> _Description of the task_
Retype only what runs from the first line of the records to the line with "Bunter Fuchs mit", inclusive, and no pictures.

> _Stored items from a collection_
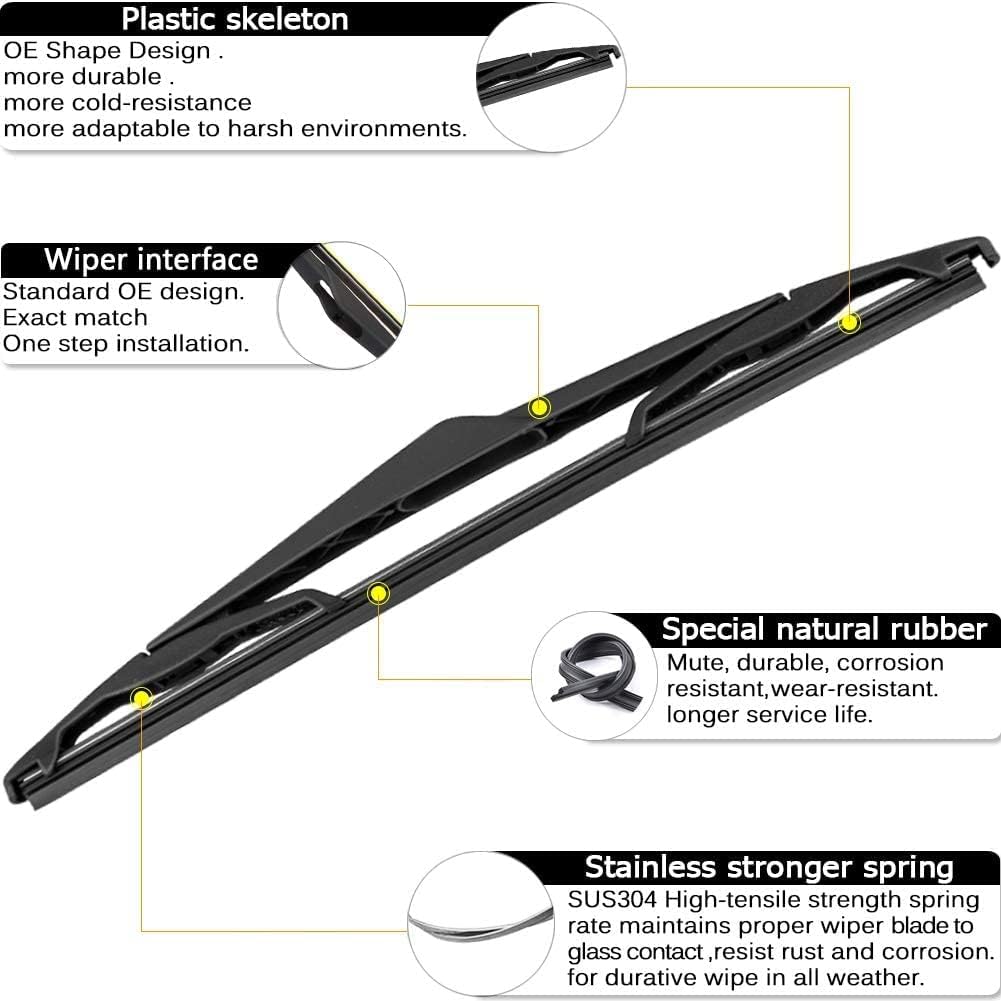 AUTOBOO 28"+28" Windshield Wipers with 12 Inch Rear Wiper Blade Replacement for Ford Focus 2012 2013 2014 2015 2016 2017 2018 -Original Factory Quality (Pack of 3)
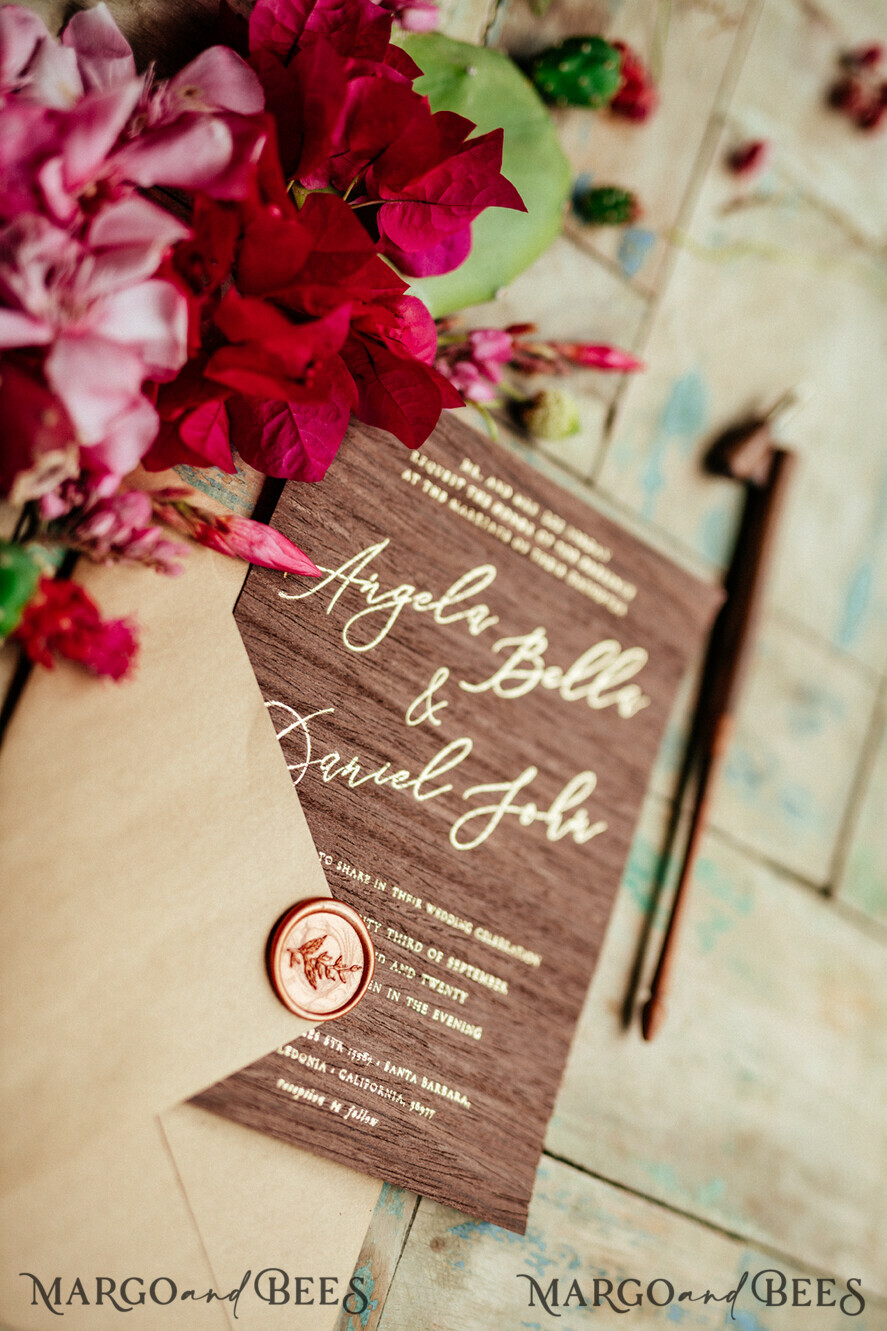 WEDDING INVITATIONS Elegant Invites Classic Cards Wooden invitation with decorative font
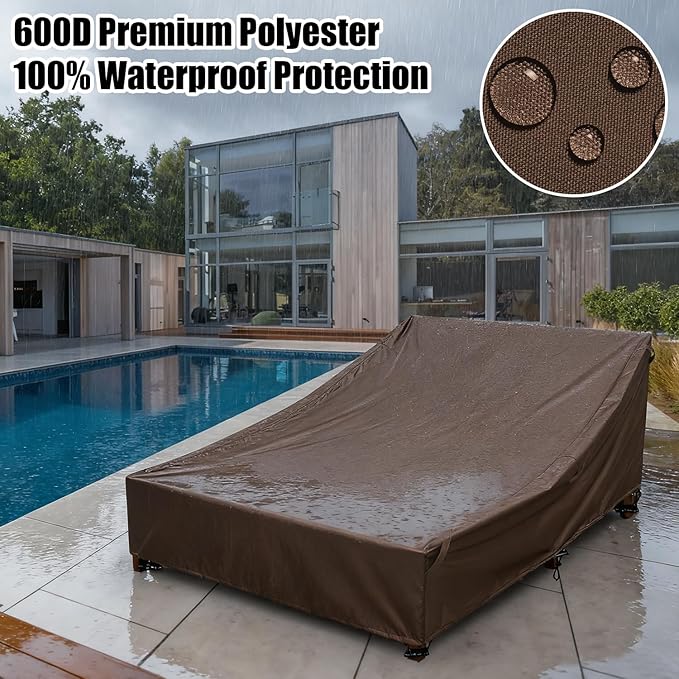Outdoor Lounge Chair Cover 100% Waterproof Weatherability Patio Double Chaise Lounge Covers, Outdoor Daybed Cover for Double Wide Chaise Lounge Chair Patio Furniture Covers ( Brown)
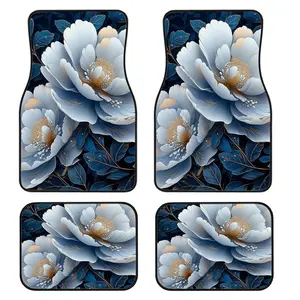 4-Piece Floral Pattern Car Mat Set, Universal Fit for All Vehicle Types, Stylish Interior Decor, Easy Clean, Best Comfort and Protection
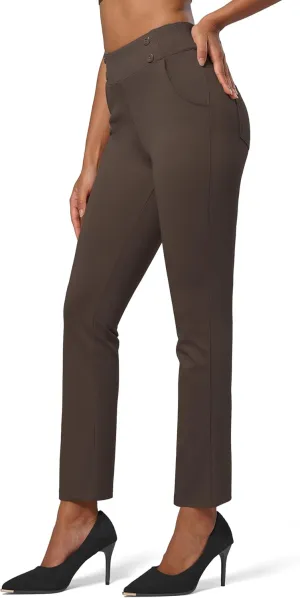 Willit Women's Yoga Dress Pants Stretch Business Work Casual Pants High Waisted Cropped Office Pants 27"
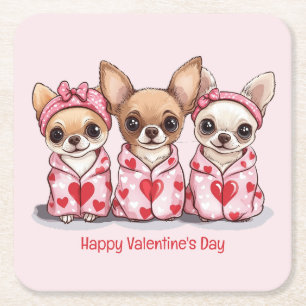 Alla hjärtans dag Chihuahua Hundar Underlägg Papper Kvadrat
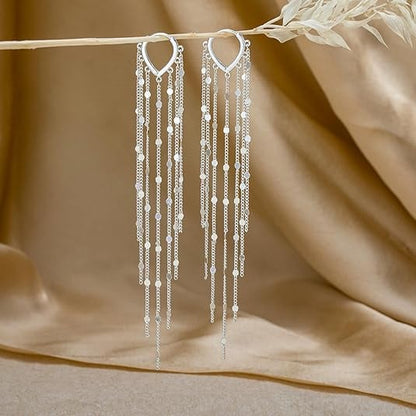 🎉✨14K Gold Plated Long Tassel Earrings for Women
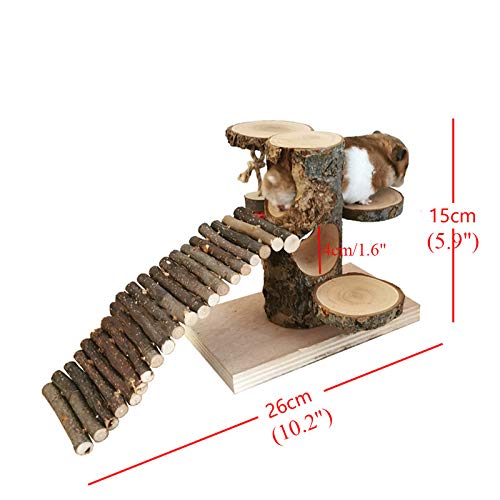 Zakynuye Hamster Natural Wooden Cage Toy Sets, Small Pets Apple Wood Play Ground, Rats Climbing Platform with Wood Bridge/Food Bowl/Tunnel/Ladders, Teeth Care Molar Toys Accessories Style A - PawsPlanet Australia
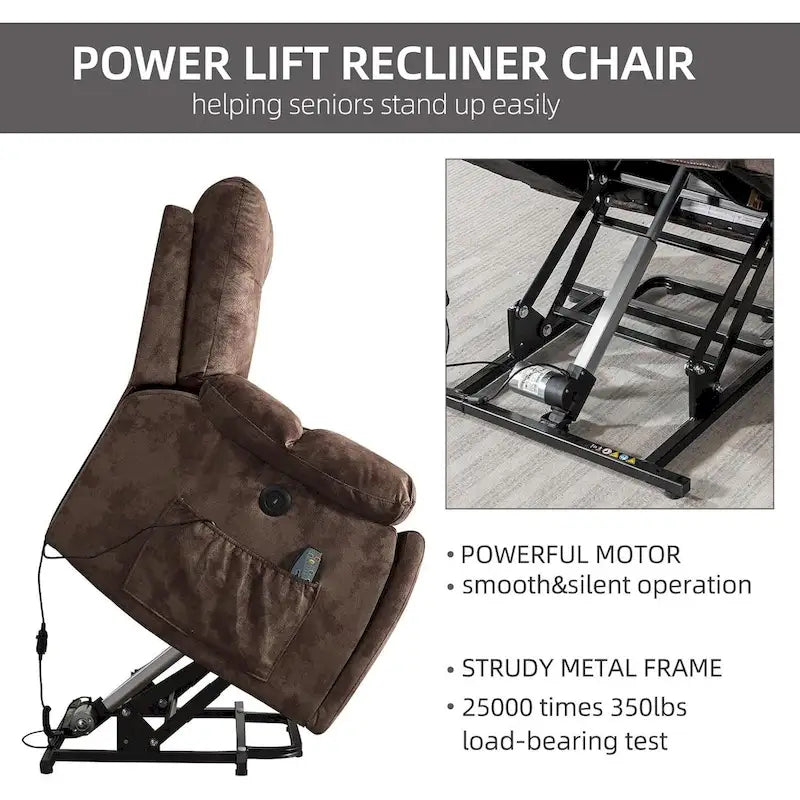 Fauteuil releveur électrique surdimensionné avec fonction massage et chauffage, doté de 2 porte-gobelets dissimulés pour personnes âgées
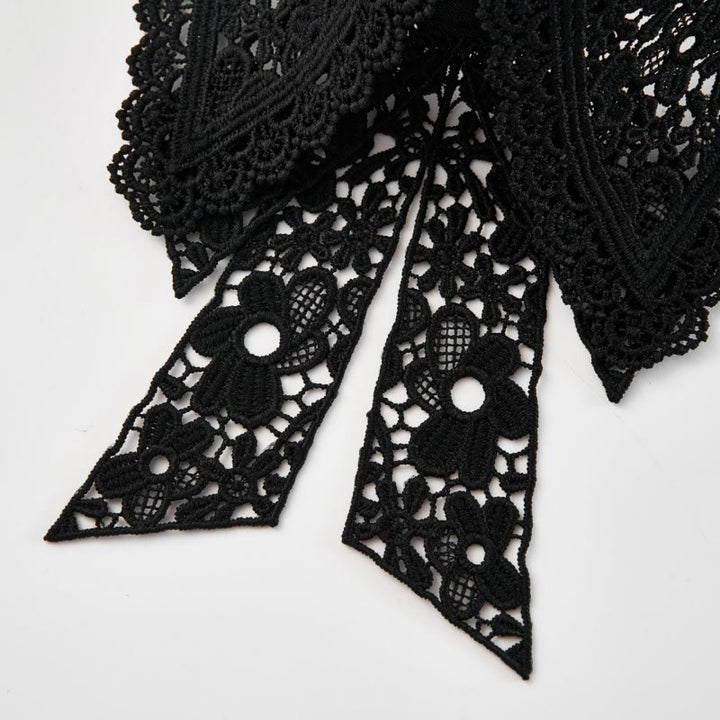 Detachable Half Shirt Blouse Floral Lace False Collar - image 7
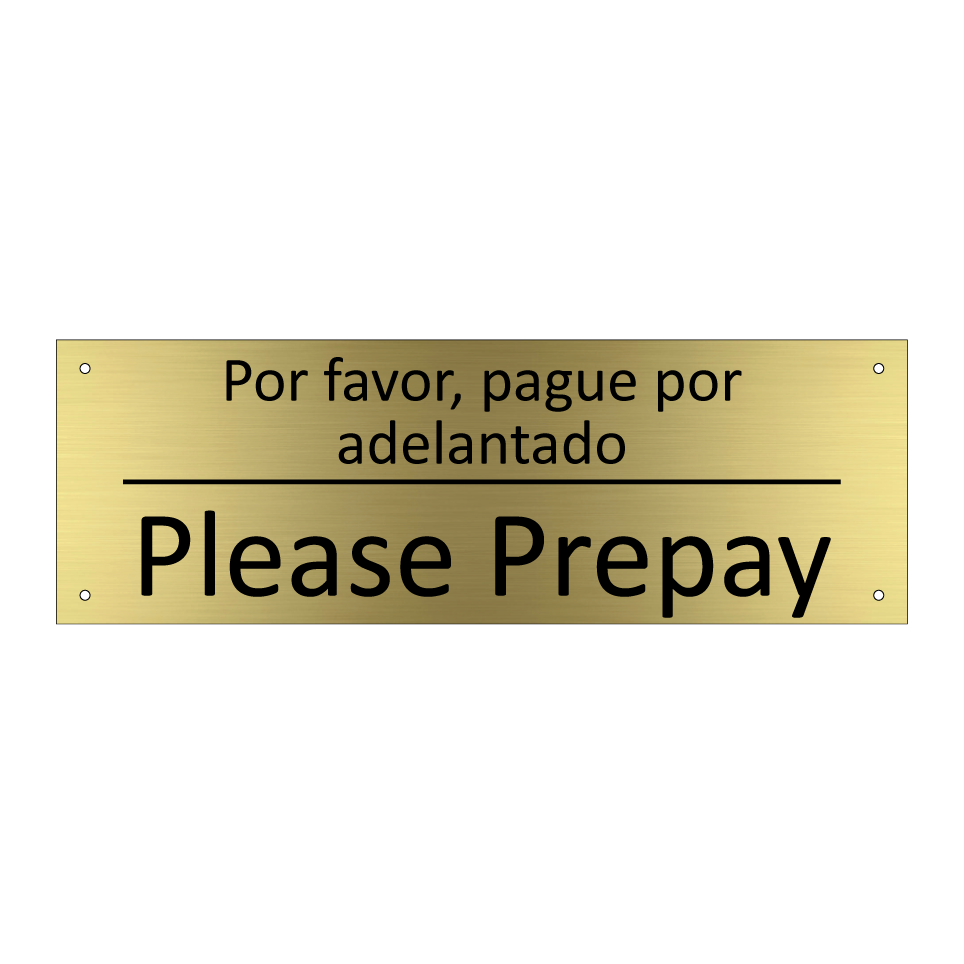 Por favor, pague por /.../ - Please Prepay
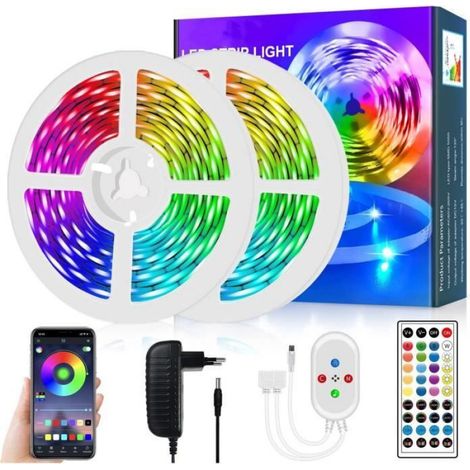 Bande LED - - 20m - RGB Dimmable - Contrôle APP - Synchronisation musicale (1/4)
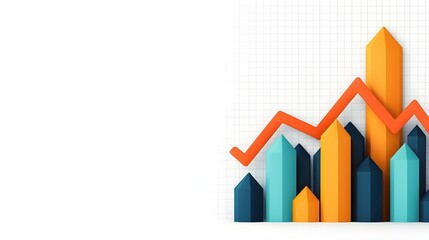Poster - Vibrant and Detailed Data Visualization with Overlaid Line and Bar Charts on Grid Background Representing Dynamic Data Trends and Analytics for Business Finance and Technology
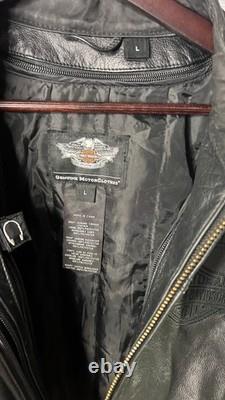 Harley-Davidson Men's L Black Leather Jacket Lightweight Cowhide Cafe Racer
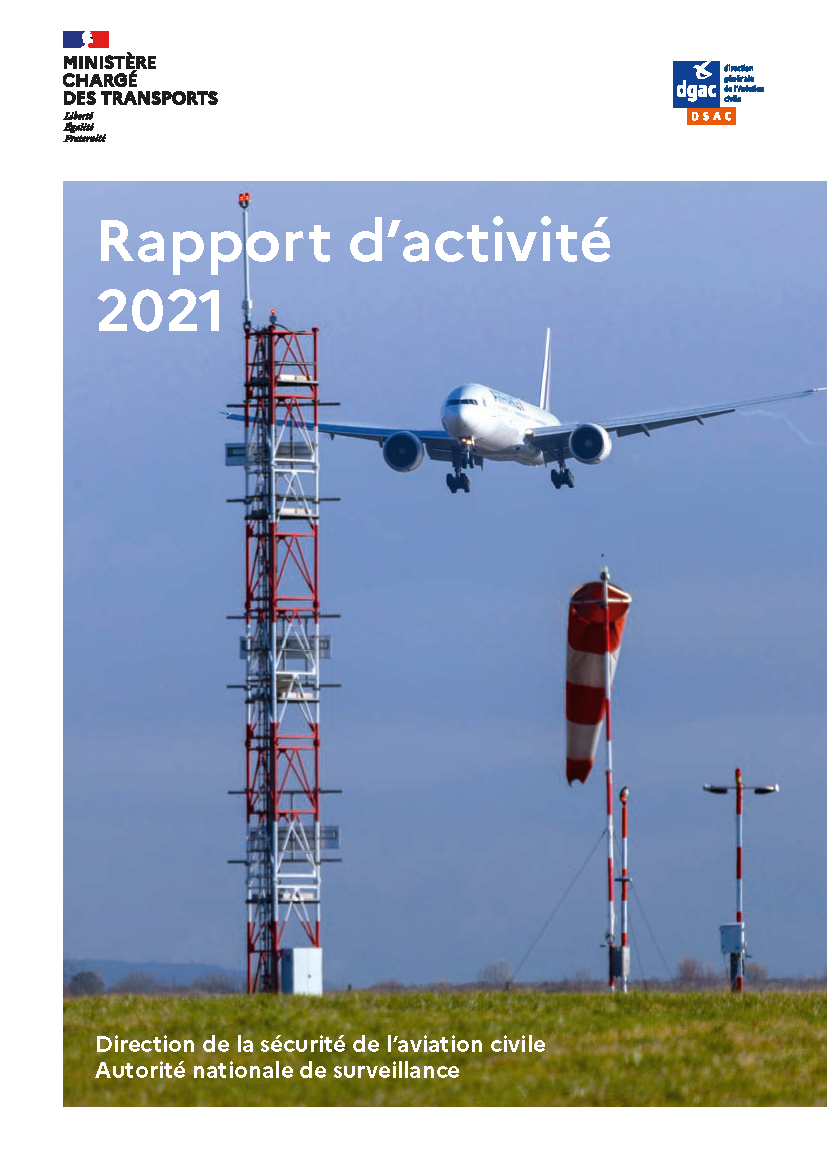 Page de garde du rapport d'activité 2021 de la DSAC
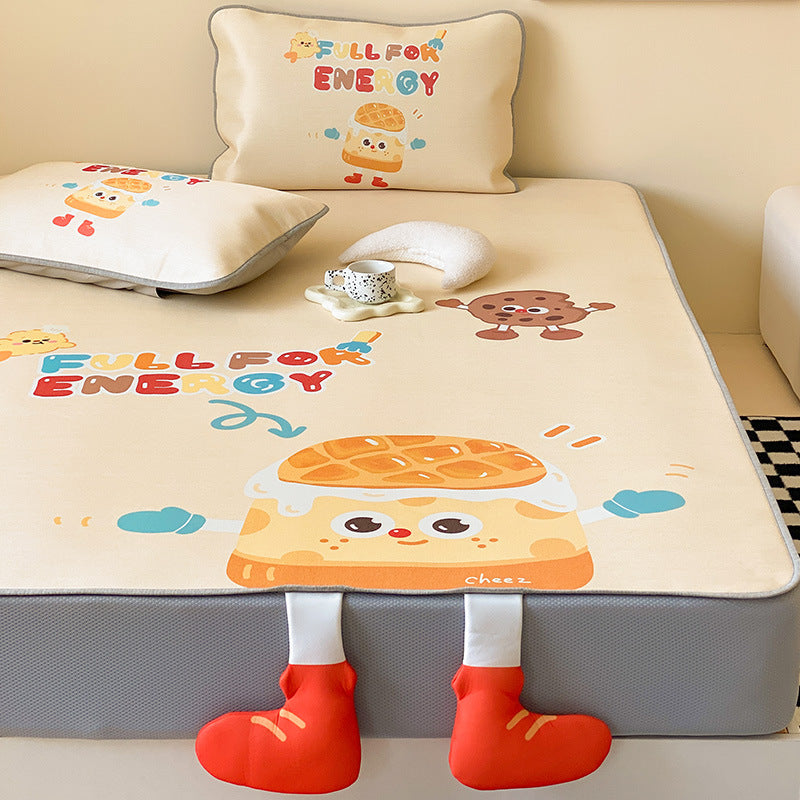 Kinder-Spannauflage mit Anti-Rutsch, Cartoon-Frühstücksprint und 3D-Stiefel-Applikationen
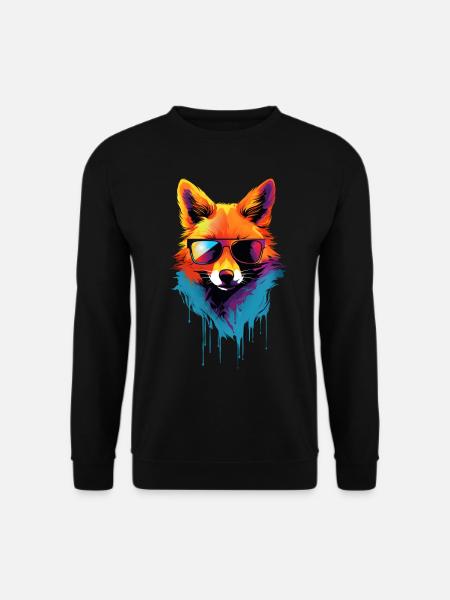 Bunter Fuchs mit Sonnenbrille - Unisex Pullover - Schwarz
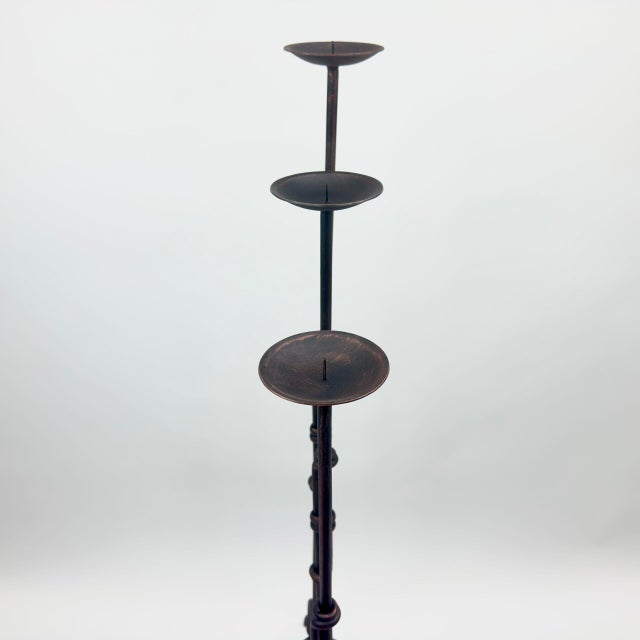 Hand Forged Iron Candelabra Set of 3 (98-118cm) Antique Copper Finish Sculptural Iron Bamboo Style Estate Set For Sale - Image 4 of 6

> _Exercise response_
 AUTOBOO 28"+28" Windshield Wipers with 12 Inch Rear Wiper Blade Replacement for Ford Focus 2012 2013 2014 2015 2016 2017 2018 -Original Factory Quality (Pack of 3)
 WEDDING INVITATIONS Elegant Invites Classic Cards Wooden invitation with decorative font
Outdoor Lounge Chair Cover 100% Waterproof Weatherability Patio Double Chaise Lounge Covers, Outdoor Daybed Cover for Double Wide Chaise Lounge Chair Patio Furniture Covers ( Brown)
 4-Piece Floral Pattern Car Mat Set, Universal Fit for All Vehicle Types, Stylish Interior Decor, Easy Clean, Best Comfort and Protection
 Willit Women's Yoga Dress Pants Stretch Business Work Casual Pants High Waisted Cropped Office Pants 27"
 Alla hjärtans dag Chihuahua Hundar Underlägg Papper Kvadrat
 🎉✨14K Gold Plated Long Tassel Earrings for Women
 Zakynuye Hamster Natural Wooden Cage Toy Sets, Small Pets Apple Wood Play Ground, Rats Climbing Platform with Wood Bridge/Food Bowl/Tunnel/Ladders, Teeth Care Molar Toys Accessories Style A - PawsPlanet Australia
 Fauteuil releveur électrique surdimensionné avec fonction massage et chauffage, doté de 2 porte-gobelets dissimulés pour personnes âgées
 Detachable Half Shirt Blouse Floral Lace False Collar - image 7
 Por favor, pague por /.../ - Please Prepay
 Bande LED - - 20m - RGB Dimmable - Contrôle APP - Synchronisation musicale (1/4)
Poster - Vibrant and Detailed Data Visualization with Overlaid Line and Bar Charts on Grid Background Representing Dynamic Data Trends and Analytics for Business Finance and Technology
 Harley-Davidson Men's L Black Leather Jacket Lightweight Cowhide Cafe Racer
 Page de garde du rapport d'activité 2021 de la DSAC
 Kinder-Spannauflage mit Anti-Rutsch, Cartoon-Frühstücksprint und 3D-Stiefel-Applikationen
 Bunter Fuchs mit Sonnenbrille - Unisex Pullover - Schwarz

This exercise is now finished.